To shape how observers might make sense of this, lawyer Alan Dershowitz, the author of the book “The Case Against Impeaching Trump,” appeared on CNN, “Tucker Carlson Tonight” and “Fox and Friends” to argue that everyone commits campaign finance violations – and that campaign finance rules are incomprehensible anyway.

In other words, viewers should realize that this is something really common in politics – an easy mistake to make that shouldn’t be thought of as a big deal.

According to Dershowitz, campaign finance violations are trivial infractions like jaywalking. And if hush money were paid, while it’s not exactly noble behavior, it isn’t a crime.

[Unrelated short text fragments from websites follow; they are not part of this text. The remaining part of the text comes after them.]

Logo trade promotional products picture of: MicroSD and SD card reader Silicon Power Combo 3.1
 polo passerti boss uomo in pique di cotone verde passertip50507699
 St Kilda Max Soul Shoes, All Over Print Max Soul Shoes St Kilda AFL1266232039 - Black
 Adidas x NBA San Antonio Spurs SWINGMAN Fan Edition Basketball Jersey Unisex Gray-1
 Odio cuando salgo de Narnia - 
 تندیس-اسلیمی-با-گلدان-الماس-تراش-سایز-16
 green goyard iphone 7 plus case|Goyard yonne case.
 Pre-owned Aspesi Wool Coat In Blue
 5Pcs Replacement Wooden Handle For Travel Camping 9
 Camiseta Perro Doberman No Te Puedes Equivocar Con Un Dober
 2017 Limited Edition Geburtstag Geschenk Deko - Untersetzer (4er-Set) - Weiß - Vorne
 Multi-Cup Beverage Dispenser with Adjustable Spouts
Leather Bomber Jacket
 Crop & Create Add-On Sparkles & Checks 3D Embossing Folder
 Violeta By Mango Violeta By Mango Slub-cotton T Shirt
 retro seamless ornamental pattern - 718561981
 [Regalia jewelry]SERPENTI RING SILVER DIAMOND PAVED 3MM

Little value, he seems to be saying, should attributed to the crimes – if they were committed at all.

Furthermore, there’s not much that can even be done about it, they say. A sitting president cannot be indicted (and therefore audiences and courts do not get to judge). And even if it were crime, it isn’t a “high crime,” so it isn’t an impeachable offense.

To recap the points of stasis:

  • What happened? There’s no allegation of wrongdoing by the president in the government’s charges.

  • How should we understand Cohen’s guilty plea? It’s a mere campaign finance violation, which everyone commits.

  • What sort of stock should we put into this crime? It’s like jaywalking.

  • What if Trump paid hush money? Not great, but not illegal.

  • What can be done about it? Nothing. The president can’t be indicted.

In the days since Cohen’s plea deal, these points of stasis have been repeated to shore up Trump’s denial of wrongdoing and differentiate campaign finance violations from “high crimes and misdemeanors,” the phrase in the Constitution that describes impeachable offenses.

Of course, this isn’t playing out in a courtroom or in the Athenian Agora. Instead, it’s playing out in the court of public opinion. Impeachment is a political process, and it seems to hinge on whether enough voters get fully behind the effort.

In this sense, one bolstering strategy may resound the most. Trump’s base is so firmly in his camp, some of his backers in the media have argued, that this news won’t hurt Trump’s political standing.

It doesn’t really matter if he is an unindicted co-conspirator, they say – because his supporters won’t care.

Trump may have enough support for now to stay afloat. How long he can tread water is unclear.